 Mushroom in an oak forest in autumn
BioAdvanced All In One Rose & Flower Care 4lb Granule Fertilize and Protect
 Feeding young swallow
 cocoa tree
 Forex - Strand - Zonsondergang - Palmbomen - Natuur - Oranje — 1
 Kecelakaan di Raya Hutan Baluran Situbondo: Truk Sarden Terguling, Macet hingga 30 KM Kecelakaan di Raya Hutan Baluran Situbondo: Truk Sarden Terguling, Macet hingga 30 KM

* * *

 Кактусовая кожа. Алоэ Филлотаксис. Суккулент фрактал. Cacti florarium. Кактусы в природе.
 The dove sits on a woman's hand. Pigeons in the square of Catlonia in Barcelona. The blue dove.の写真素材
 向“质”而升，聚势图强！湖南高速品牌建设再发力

...

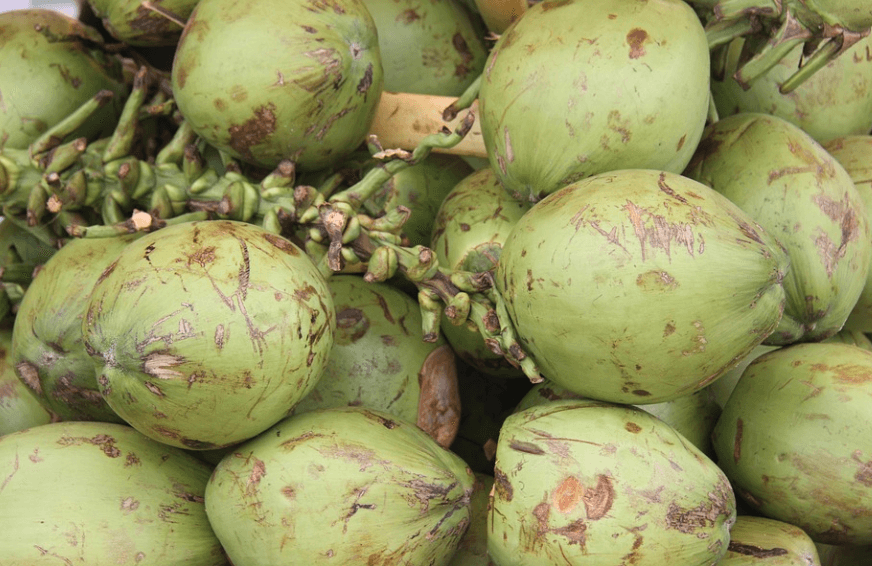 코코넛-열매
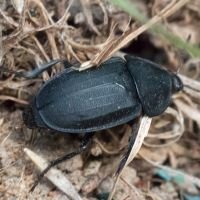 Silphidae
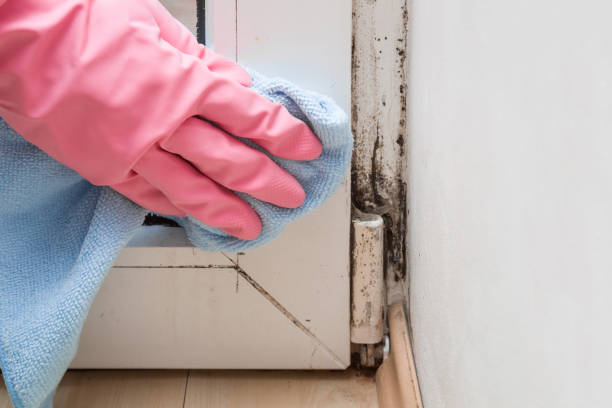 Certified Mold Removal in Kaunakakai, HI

#### Work order:
All lines in the listing above between the line with "Mushroom in an oak forest in autumn" and the line with "30 KM Kecelakaan", inclusive, should be set down exactly, and no line outside that range.

#### Answer box:
 Mushroom in an oak forest in autumn
BioAdvanced All In One Rose & Flower Care 4lb Granule Fertilize and Protect
 Feeding young swallow
 cocoa tree
 Forex - Strand - Zonsondergang - Palmbomen - Natuur - Oranje — 1
 Kecelakaan di Raya Hutan Baluran Situbondo: Truk Sarden Terguling, Macet hingga 30 KM Kecelakaan di Raya Hutan Baluran Situbondo: Truk Sarden Terguling, Macet hingga 30 KM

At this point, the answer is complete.